The only thing I want out of DuckDB core at this point is support for overriding the columnar storage representation for certain structs. Right now, DuckDB decomposes structs into fields and stores each field in a column. I'd like to be able to say "no, please, pre-materialize this tuple subset and store this struct in an internal BLOB or something".
I would say SQLite when possible, PostgreSQL (incl. extensions) when necessary, DuckDB for local/hobbyist data analysis and BigQuery (often TB or PB range) for enterprise business intelligence.
For as much talk as I see about SQLite, are people actually using it or does it just have good marketers?
Do you have a specific use case you're curious about? It's the most widely deployed database software of all time. https://sqlite.org/mostdeployed.html
It's the standard for mobile. That said, in server-side enterprise computing, I know no one who uses it. I'm sure there are applications, but in this domain you'd need a good justification for not following standard patterns.
I have used DuckDB on an application server because it computes aggregations lightning fast which saved this app from needing caching, background services and all the invalidation and failure modes that come with those two.

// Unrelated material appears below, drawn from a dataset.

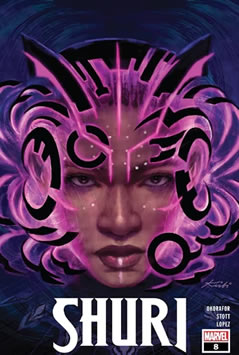 Shuri (2018) #8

Among people who can actually code (in contrast to just stitch together services), I see it used all around.
For someone who openly describes his stack and revenue, look up Pieter Levels, how he serves hundreds of thousands of users and makes millions of dollars per year, using SQLite as the storage layer.

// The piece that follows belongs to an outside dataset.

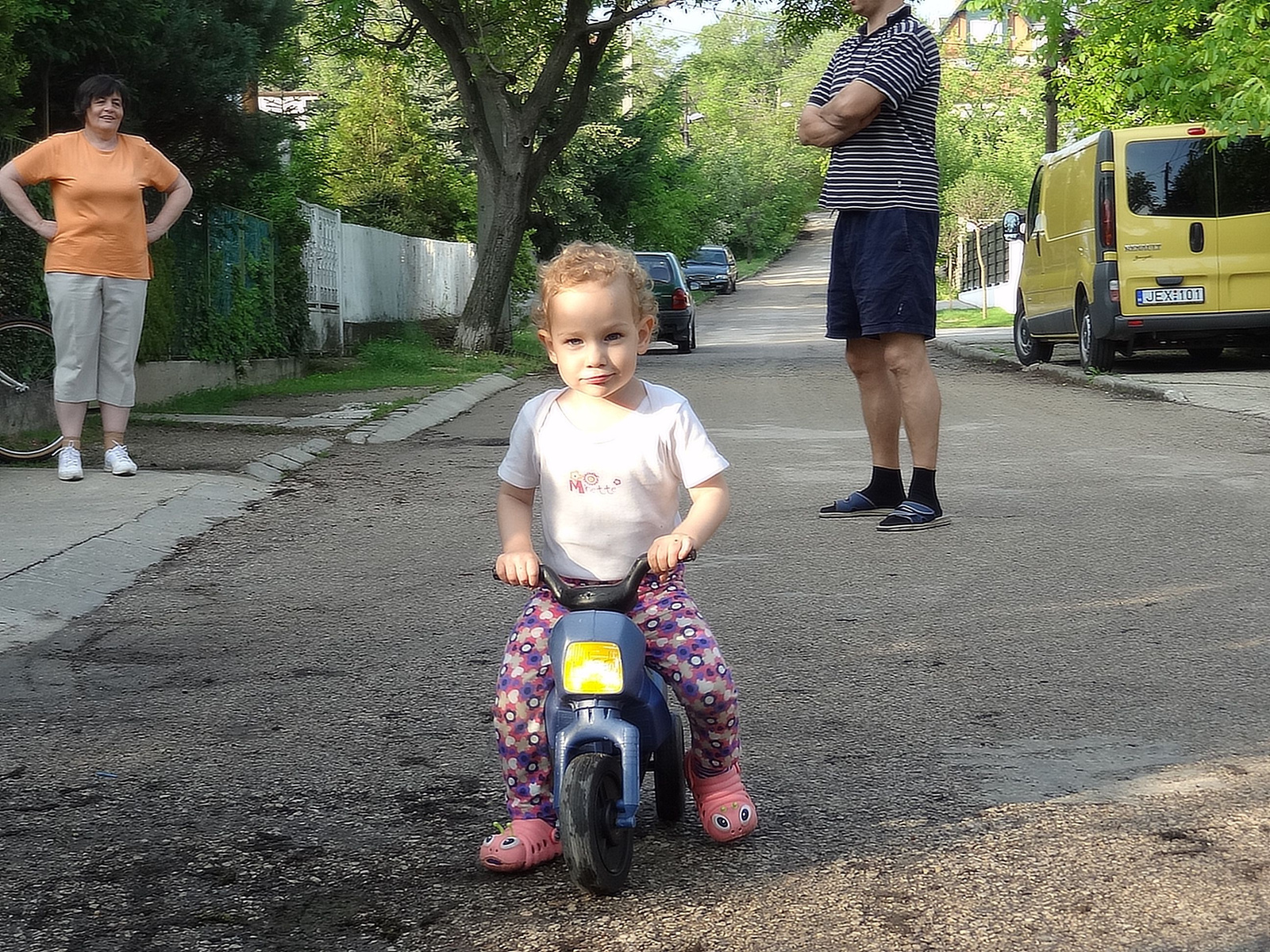 Nemzeti érzelmű motorosok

> are people actually using it or does it just have good marketers?
_You_ are using it right this second. It's storing your browser's bookmarks (at a minimum, and possibly other browser-internal data).

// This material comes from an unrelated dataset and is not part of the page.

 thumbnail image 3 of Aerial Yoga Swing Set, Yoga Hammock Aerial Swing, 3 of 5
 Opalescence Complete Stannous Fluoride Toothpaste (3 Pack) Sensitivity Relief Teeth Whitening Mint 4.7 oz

If you use desktops, laptops, or mobile phones, there is a very good chance you have at least ten SQLite databases in your possession right now.
It is fantastic software, have you ever used it?
I don't have a use case for it. I've used it a tiny bit for mocking databases in memory, but because it's not fully Postgres, I've switched entirely to TestContainers.
I think the right pattern here is edge sharding of user data. Cloudflare makes this pretty easy with D1/Hyperdrive.
Man, I hope so. Bailing people out of horribly slow NoSQL databases is good business.